Wouldn't a moonbounce setup, with high power and a steerable antenna,

also
have tropo scatter capability? It wouldn't necessarly go the other way,
however. Equipment which works well enough for tropo scatter might not

do
the moonbounce job.


Tropo is probably harder than Moonbounce.


That's an overgeneralization. There's no way it would be easier to
moonbounce a signal to a location 20 miles over the horizon than it would be
to use tropo scatter.


That's one of the reasons
there was no civilian use of Tropo. Amateurs were using 1 Kw in the
1950's in the 6 meter band.


No civilian use as of when? The 1964 ARRL handbook says:

"Tropospheric scatter is prevalent all through the v.h.f. and microwave
regions, and is usable over distances up to about 400 miles."

The 1955 handbook also mentions tropospheric propagation at vhf and above,
but isn't so specific.

The biggest problem with early vhf work wasn't a lack of power or
insufficently high gain antennas, it was unstable oscillators. Those
oscillators drifted, and the radios had to have an otherwise excessively
wide IF bandwidth in order to allow for the drift. Getting a very narrow CW
bandwidth at vhf, for a decent signal to noise ratio, was almost impossible.

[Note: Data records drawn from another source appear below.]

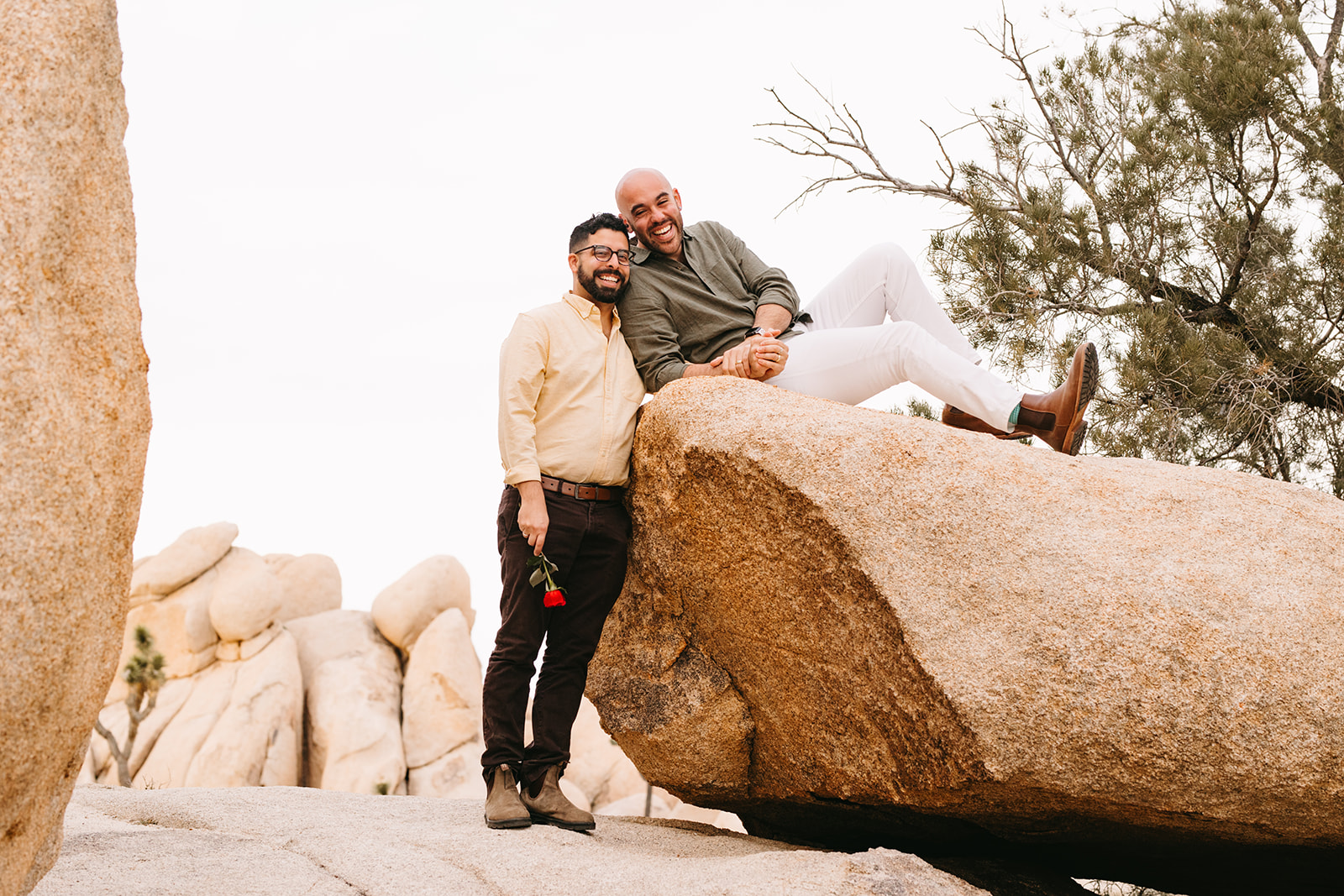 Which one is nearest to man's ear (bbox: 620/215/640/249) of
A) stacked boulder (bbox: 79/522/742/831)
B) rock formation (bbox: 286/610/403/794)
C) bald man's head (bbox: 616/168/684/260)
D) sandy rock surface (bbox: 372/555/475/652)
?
bald man's head (bbox: 616/168/684/260)

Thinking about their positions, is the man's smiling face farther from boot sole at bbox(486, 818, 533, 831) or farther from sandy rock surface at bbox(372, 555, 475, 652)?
sandy rock surface at bbox(372, 555, 475, 652)

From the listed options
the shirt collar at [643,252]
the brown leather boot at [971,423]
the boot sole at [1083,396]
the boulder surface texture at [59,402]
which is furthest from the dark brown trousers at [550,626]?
the boot sole at [1083,396]

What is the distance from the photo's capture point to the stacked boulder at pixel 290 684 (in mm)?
18281

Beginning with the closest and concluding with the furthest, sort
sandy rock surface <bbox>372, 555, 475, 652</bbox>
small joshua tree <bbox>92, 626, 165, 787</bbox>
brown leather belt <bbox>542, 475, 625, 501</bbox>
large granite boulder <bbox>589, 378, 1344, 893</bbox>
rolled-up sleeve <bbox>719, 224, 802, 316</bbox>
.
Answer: large granite boulder <bbox>589, 378, 1344, 893</bbox> → brown leather belt <bbox>542, 475, 625, 501</bbox> → rolled-up sleeve <bbox>719, 224, 802, 316</bbox> → small joshua tree <bbox>92, 626, 165, 787</bbox> → sandy rock surface <bbox>372, 555, 475, 652</bbox>

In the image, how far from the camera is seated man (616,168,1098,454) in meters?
4.71

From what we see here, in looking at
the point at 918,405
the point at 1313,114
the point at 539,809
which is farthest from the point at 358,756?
the point at 1313,114

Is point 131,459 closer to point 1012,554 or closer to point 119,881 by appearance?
point 119,881

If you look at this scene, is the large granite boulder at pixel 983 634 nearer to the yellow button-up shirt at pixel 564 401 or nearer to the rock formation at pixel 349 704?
the yellow button-up shirt at pixel 564 401

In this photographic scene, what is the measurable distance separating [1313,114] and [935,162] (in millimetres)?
3050

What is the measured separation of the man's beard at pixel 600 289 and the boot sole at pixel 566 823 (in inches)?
91.4

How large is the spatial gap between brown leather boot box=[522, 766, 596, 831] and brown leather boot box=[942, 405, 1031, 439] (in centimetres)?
239

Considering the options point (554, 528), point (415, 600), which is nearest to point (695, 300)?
point (554, 528)

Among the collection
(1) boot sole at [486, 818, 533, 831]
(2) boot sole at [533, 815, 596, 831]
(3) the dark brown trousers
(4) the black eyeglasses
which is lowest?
(2) boot sole at [533, 815, 596, 831]

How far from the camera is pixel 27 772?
2537 mm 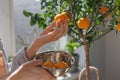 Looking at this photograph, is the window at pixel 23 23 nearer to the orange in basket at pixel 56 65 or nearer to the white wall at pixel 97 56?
the white wall at pixel 97 56

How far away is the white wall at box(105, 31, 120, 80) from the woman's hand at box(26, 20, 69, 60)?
3.42ft

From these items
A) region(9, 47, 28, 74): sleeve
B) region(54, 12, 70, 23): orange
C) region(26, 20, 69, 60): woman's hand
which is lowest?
region(9, 47, 28, 74): sleeve

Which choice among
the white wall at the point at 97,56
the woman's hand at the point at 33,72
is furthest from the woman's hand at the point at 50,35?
the white wall at the point at 97,56

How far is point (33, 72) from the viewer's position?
2.07ft

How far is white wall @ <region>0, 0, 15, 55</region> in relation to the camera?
135cm

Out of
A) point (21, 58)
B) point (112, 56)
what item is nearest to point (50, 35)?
point (21, 58)

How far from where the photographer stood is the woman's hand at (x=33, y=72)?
63 cm

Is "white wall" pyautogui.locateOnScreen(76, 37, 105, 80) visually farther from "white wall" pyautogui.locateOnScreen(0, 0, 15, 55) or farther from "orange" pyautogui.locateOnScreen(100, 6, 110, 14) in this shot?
"orange" pyautogui.locateOnScreen(100, 6, 110, 14)

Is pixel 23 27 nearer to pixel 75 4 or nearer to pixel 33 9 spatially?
pixel 33 9

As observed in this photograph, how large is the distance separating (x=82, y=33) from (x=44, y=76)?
1.01 ft

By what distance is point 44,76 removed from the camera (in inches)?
24.8

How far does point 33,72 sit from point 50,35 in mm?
161

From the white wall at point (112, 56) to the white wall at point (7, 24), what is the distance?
0.75m

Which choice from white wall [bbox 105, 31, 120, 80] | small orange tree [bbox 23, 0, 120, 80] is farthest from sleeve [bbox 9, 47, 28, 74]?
white wall [bbox 105, 31, 120, 80] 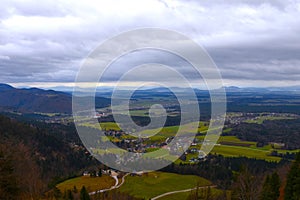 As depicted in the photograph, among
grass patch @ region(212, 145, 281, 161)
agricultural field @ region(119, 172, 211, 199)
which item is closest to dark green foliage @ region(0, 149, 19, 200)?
agricultural field @ region(119, 172, 211, 199)

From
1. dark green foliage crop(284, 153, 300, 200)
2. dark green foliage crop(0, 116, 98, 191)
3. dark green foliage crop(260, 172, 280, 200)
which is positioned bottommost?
dark green foliage crop(0, 116, 98, 191)

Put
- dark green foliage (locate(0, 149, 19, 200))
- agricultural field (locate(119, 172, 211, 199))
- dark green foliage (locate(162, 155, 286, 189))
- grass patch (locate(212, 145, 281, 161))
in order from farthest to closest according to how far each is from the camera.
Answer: grass patch (locate(212, 145, 281, 161)), dark green foliage (locate(162, 155, 286, 189)), agricultural field (locate(119, 172, 211, 199)), dark green foliage (locate(0, 149, 19, 200))

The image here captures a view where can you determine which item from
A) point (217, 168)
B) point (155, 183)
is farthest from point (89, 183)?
point (217, 168)

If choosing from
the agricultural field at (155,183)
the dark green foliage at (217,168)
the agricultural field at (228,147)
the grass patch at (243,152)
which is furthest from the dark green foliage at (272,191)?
the grass patch at (243,152)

By the way, the 1983 handbook says:

"Most EME signals tend to be near the threshold of readability, a condition
caused by a combination of path loss, Faraday rotation and libration
fading."

It seems early 60s radio amateur equipment would work for tropo scatter, up
to about 400 miles. A later generation of such equipment would have to work
signals near the threshold of readability.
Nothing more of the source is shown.